Pero, como tantas cosas, este maravilloso ritual simbólico de liberación de culpas se convirtió en muchos lugares en un mero evento cultural, o peor, en el sello que se asemeja a la marca del ganado que dice que la persona pertenece a tal o cual rebaño dogmático.


Si mínimamente se brindara el conocimiento de que la mente, por su condición materialista, vamos a decirle, necesita o se potencia en actos simbólicos que den un tono de “realidad” al deseo o pensamiento, esto es, de momento en que se reconoce el pensamiento que está causando el malestar, inventarse un propio rito simbólico que materialice la intención y libere, por ejemplo: escribir en un papel ese deseo miserable, bajo, de miedo u obsesivo y luego quemarlo. O algún otro método que se considere más apropiado para uno. Pero es poco común que este conocimiento sea dado, al menos no desde las doctrinas y dogmas más populares.
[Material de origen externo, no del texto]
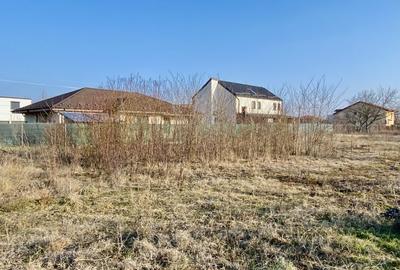 Teren priveliste deschisa, cu utilitati, zona retrasa, langa lac si padure - 2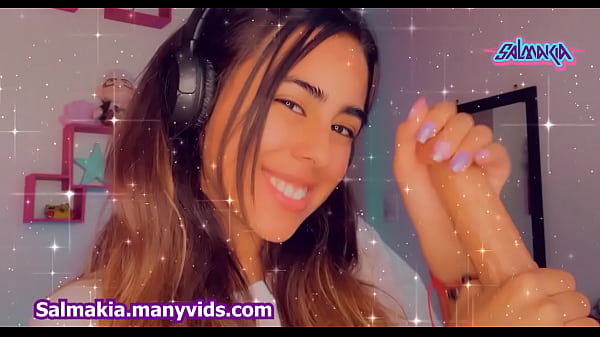 Naughty Handjob Salmakia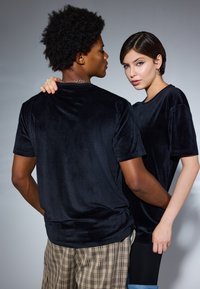 YOURTURN TEE UNISEX - Pamata T-krekls - black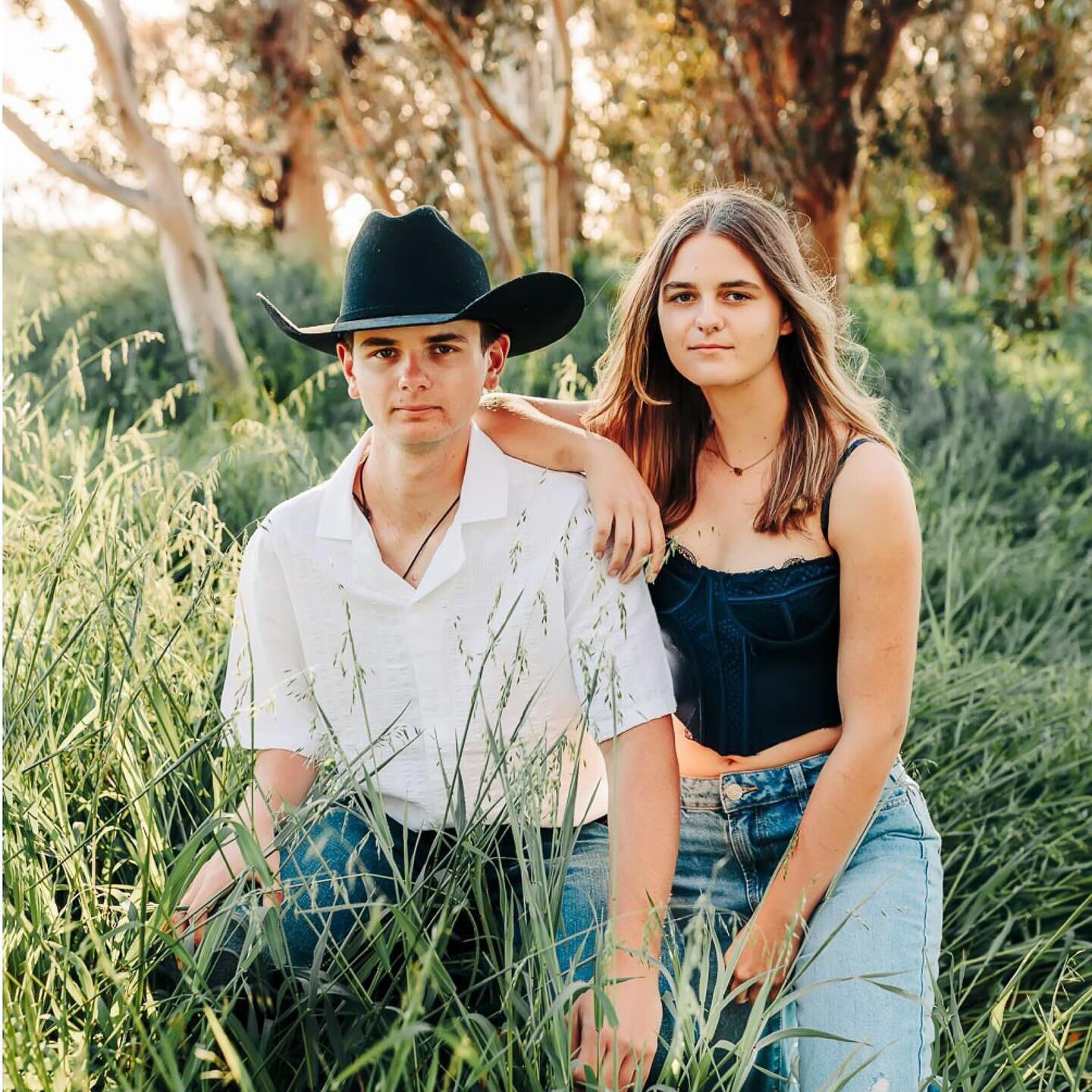 Happy Spring! My kids are on spring break next week, can&rsquo;t wait! Do you have any fun plans this year? 

I had a blast hanging &amp; chatting with these senior twins who both have a bright future ahead. One is heading to @tamu &amp; the other is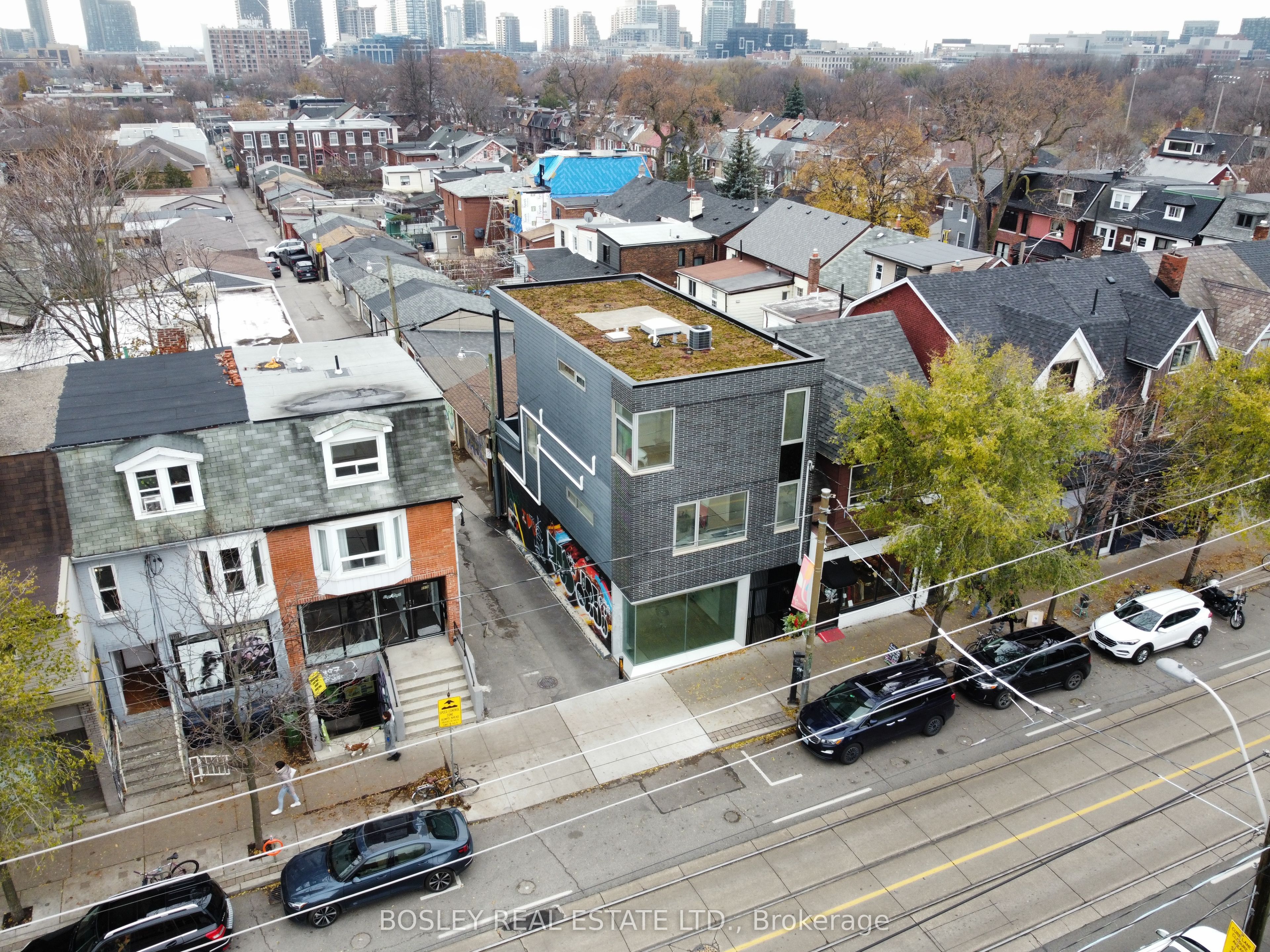 899 Dundas Street W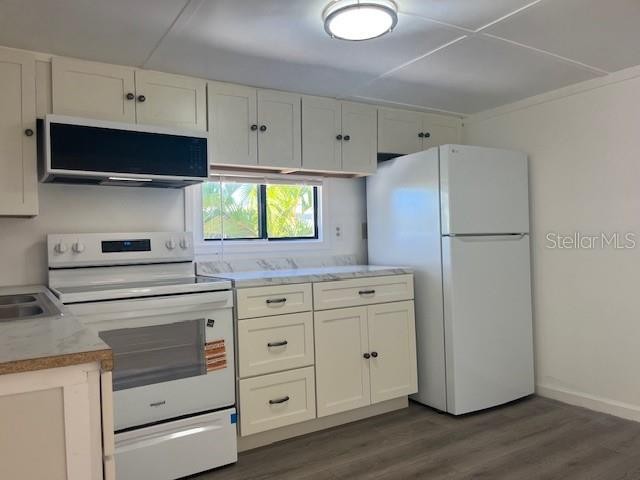 10315 CORTEZ RD W #1B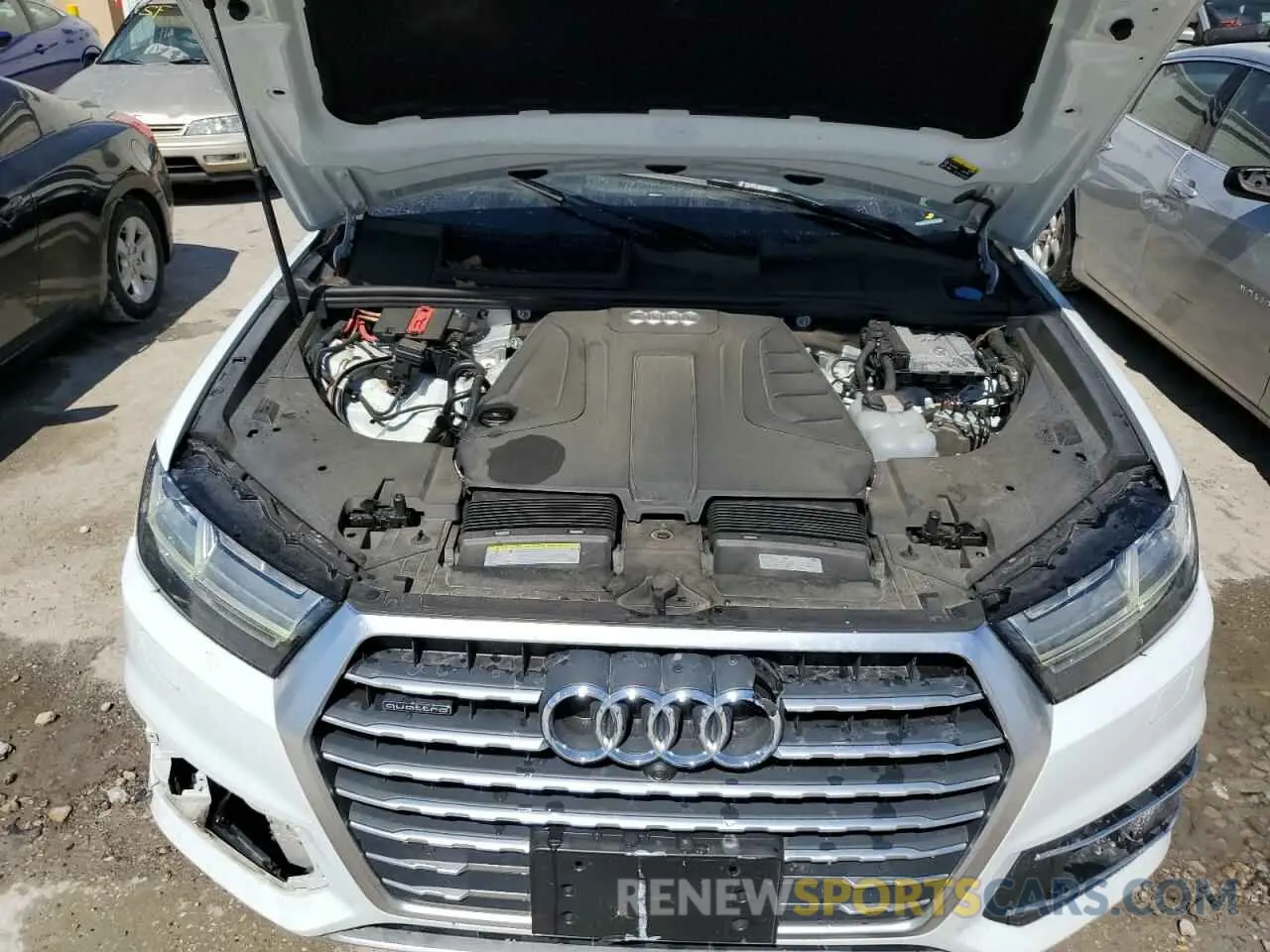 12 Photograph of a damaged car WA1LHAF7XKD034324 AUDI Q7 2019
Uno es quien a través de la intención otorga el poder, sea que se trate de encender una vela o un sahumerio, decir una oración o vocalizar un mantra, dibujar un mandala o portar una piedra.

Son estos artilugios que nos inventamos para darle a nuestra mente la realidad material que espera.

La religión y/o espiritualidad no son otra cosa que el deseo profundo que tenemos como humanos de concretar nuestro convivir en armonía, de sentir la paz y experimentar el gozo que indefectiblemente dependen de la ausencia de creencias que dividen, porque simplemente son falsas verdades en las que excusamos la miseria.